A ideia de aposentadoria, como o próprio conceito de trabalho, tem se transformado bastante nas últimas décadas. A tecnologia permite hoje formas de trabalho impensáveis há pouco mais de 15 anos, mas uma coisa não mudou: o tempo continua passando, as pessoas envelhecendo e a energia para o trabalho diminuindo. O engenheiro metalurgista Michel Chebel Labaki cultivou uma carreira de sucesso. Ocupava na década passada o cargo de diretor da Financiadora de Estudos e Projetos (Finep), ligada ao Ministério da Ciência, Tecnologia e Inovação (MCTI). Quando completou 60 anos, já somava 35 de contribuição à Previdência e resolveu requerer a aposentadoria. “Na verdade nunca me senti como um pensionista, estava muito bem de saúde na época e meu ritmo de trabalho não mudou”, afirma.
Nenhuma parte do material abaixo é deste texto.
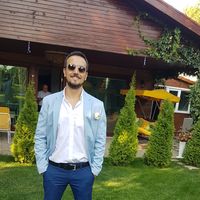 Ali Karagöz's Photo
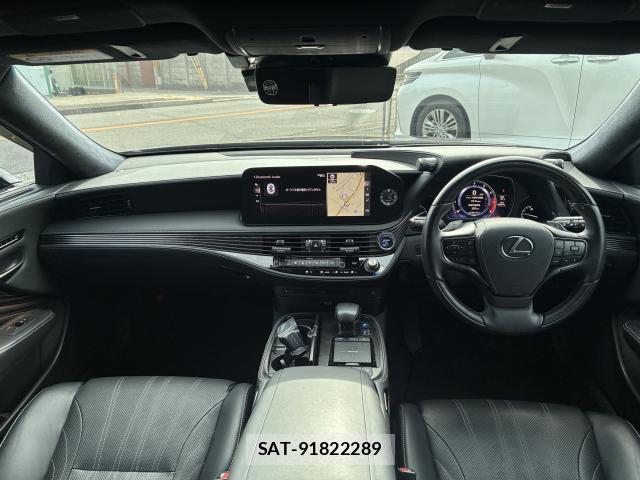 Lexus LS 2020-11 8006795-2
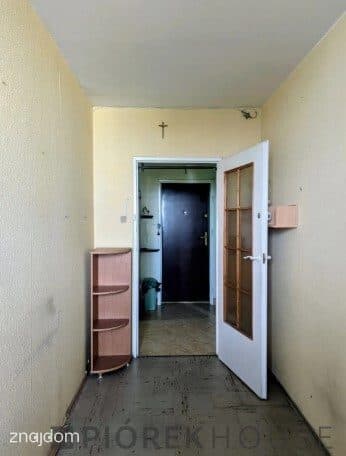2-pokojowe mieszkanie na Targówku - zdjęcie 8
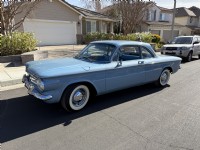 1960 Chevrolet Corvair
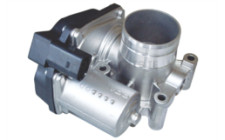 Image for Throttle Body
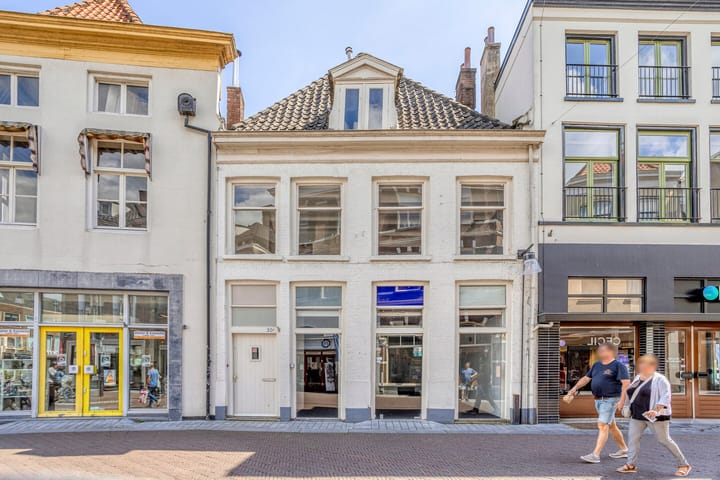 Photo of property Turfstraat 30a, Zutphen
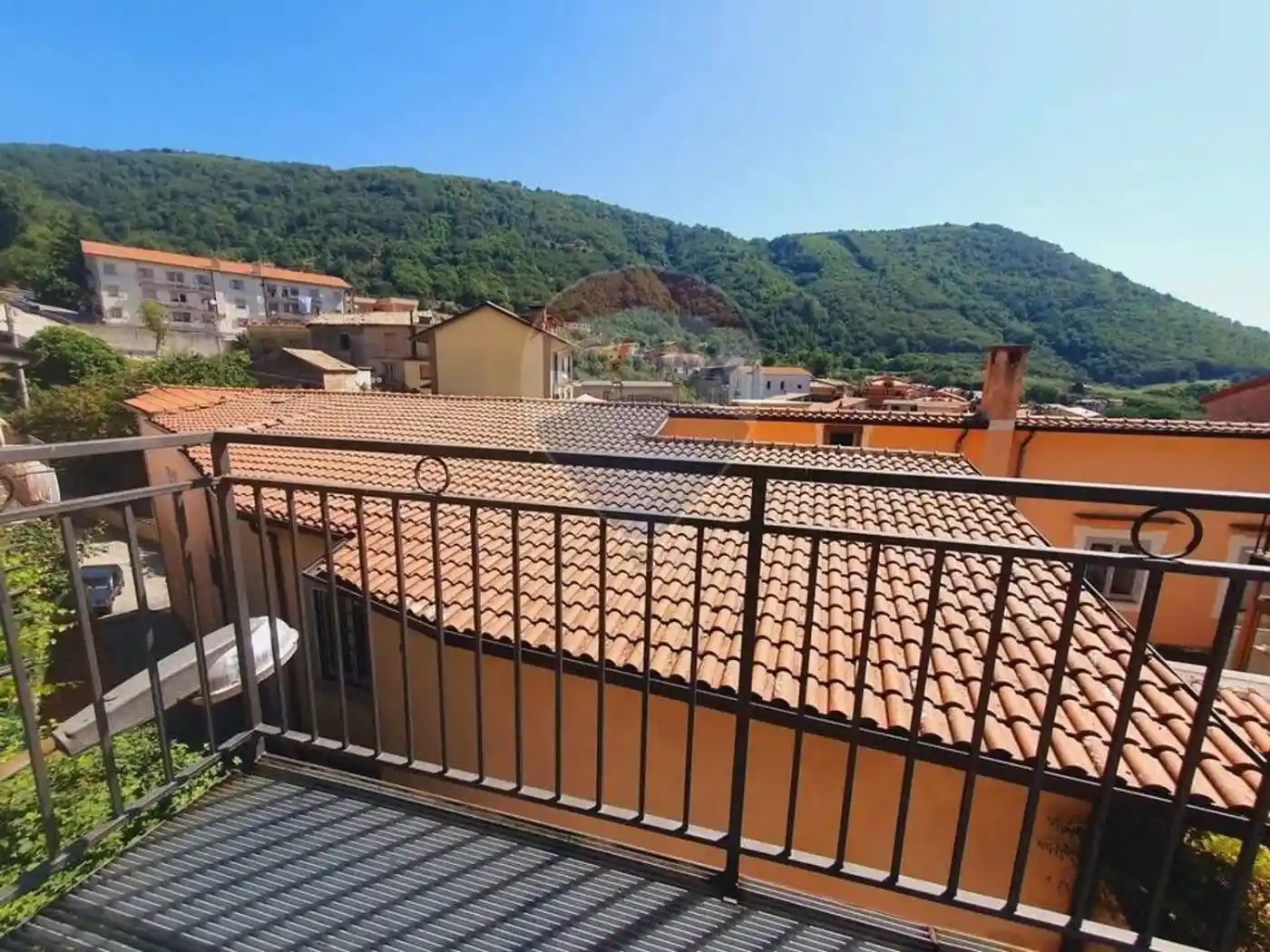 Trilocale via Borgo, Centro, Monteforte Irpino - foto 2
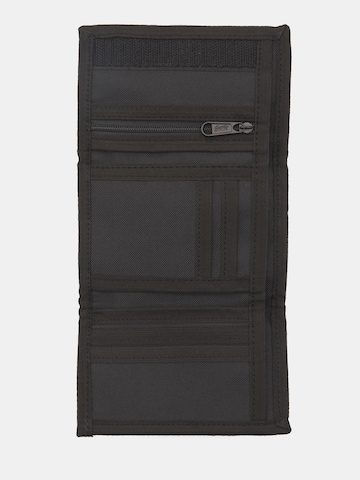 Porte-monnaies 'STWD' Pull&Bear en noir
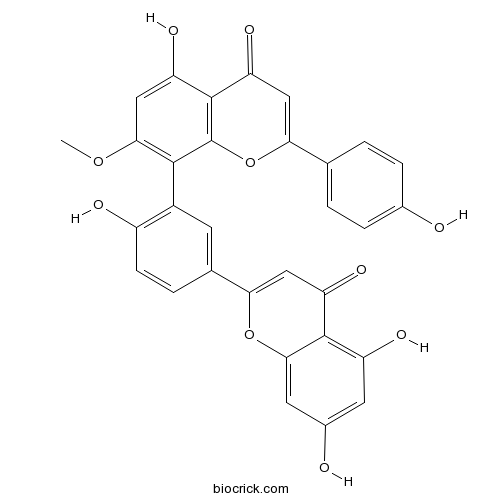 Sotetsuflavone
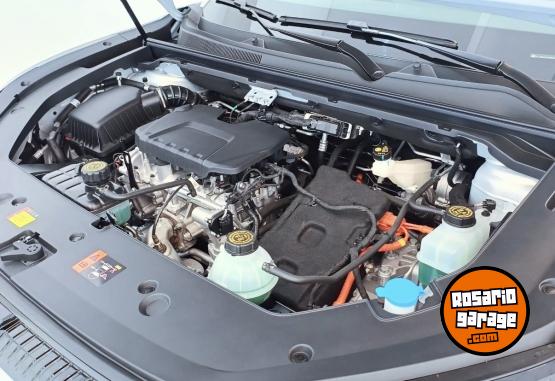 Autos - Chevrolet CAPTIVA PHEV PREMIER 2026 Electrico / Hibrido 0Km - En Venta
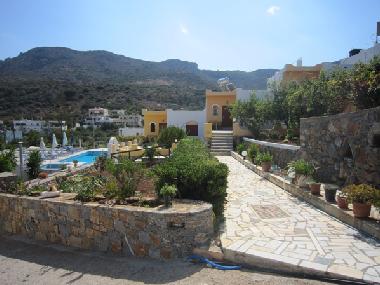Apartamento de vacaciones en Agios Nikolaos (Lasithi)Casa de vacaciones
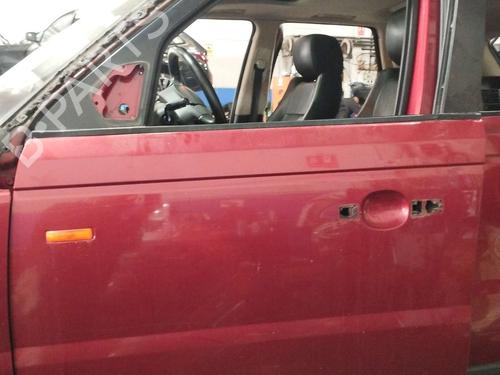 Used Left front door LAND ROVER RANGE ROVER SPORT I (L320) [2005-2013]  23021350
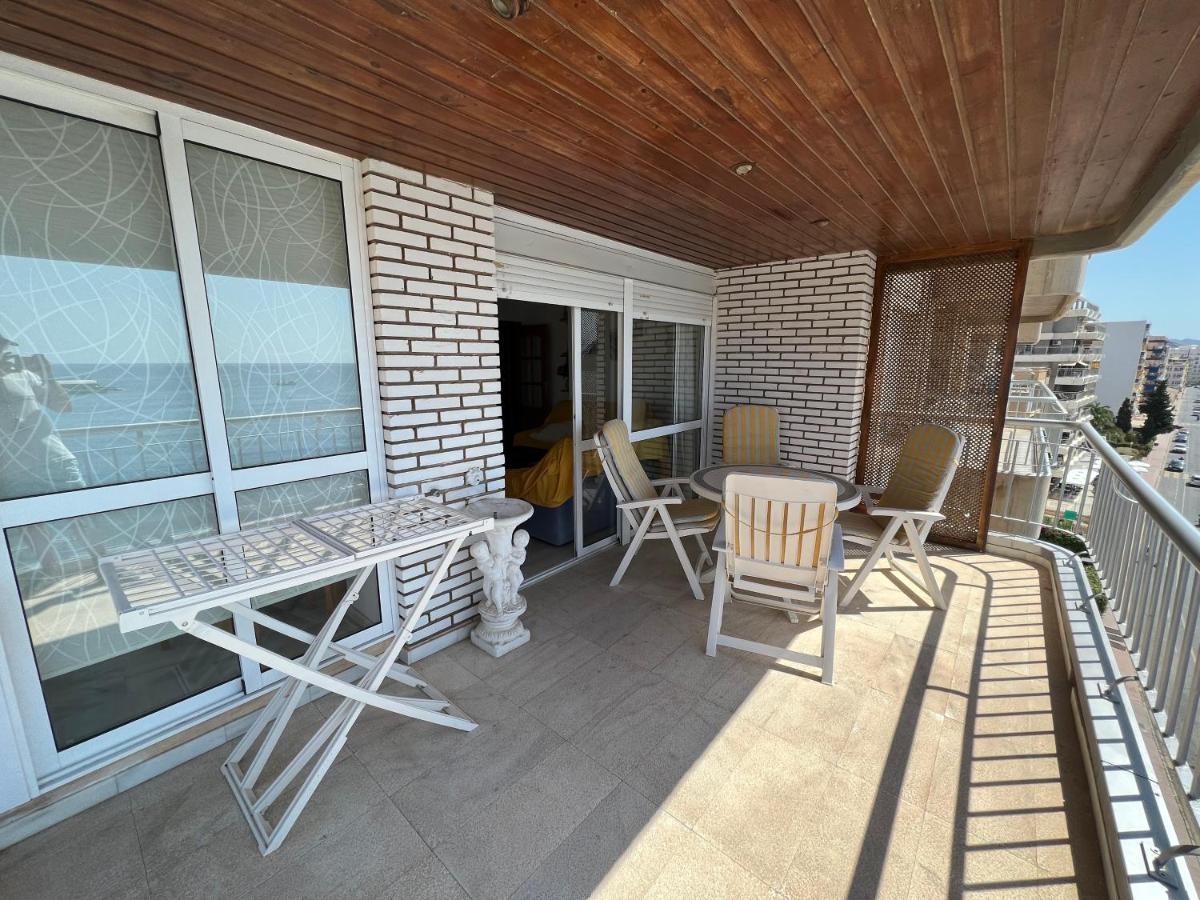 Appartement Primera Linea De Playa En Bahia De Levante, Vistas Panoramicas *
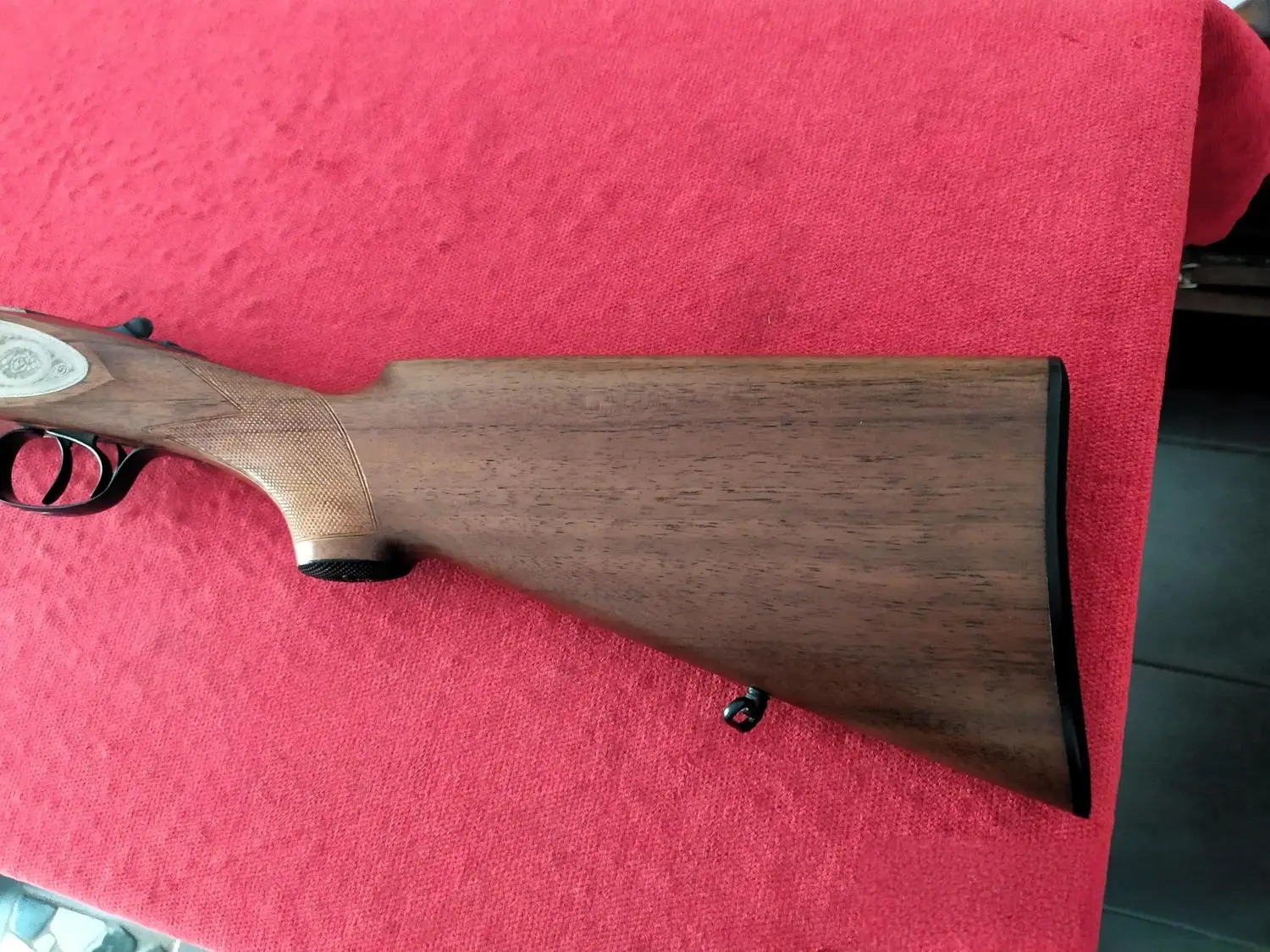 DOPPIETTA FAMARS CAL 20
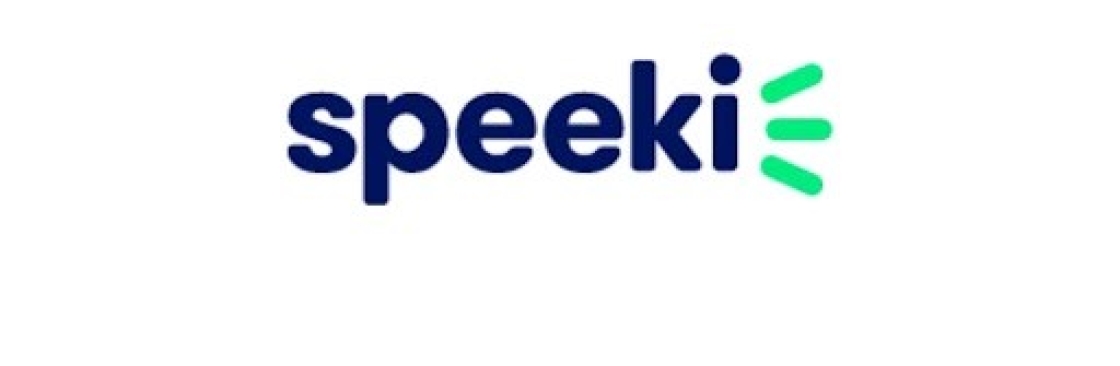 speeki Cover Image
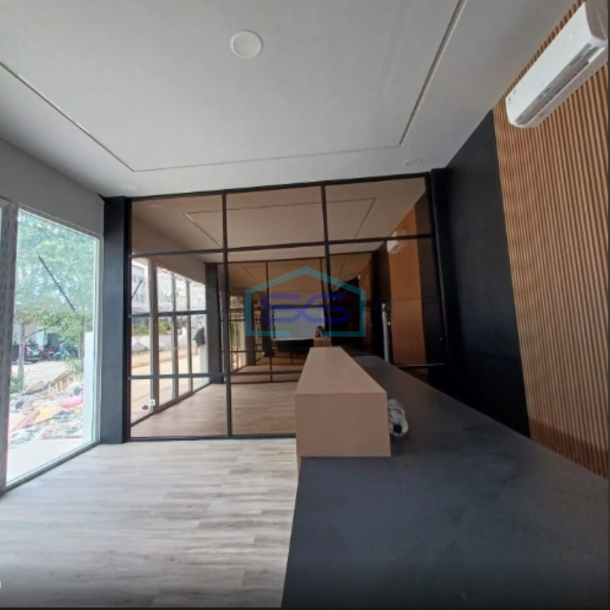 Disewakan Gudang Siap Pakai LB 657m² HGB Termurah Lokasi Strategis Kalideres Jakarta Barat-3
Além da boa disposição, Michel precisa continuar gerando renda extra, uma vez que ainda paga parcelas de uma dívida tributária adquirida durante o período em que teve empresa própria. “Não quero deixar nada para trás, quero pagar tudo, além do fato de que também gosto de trabalhar.”
Mas, se não tivesse esses compromissos, ficaria em casa? “Não veria problema nenhum em parar. Saberia bem o que fazer com meu tempo livre.” Na agenda sairiam reuniões profissionais e entrariam visitas aos seus cinco netos, tocar mais violão e dedicar mais tempo para a literatura. Aproveitaria ainda para ir mais à praia, já que possui casa em Caraguatatuba, litoral paulista.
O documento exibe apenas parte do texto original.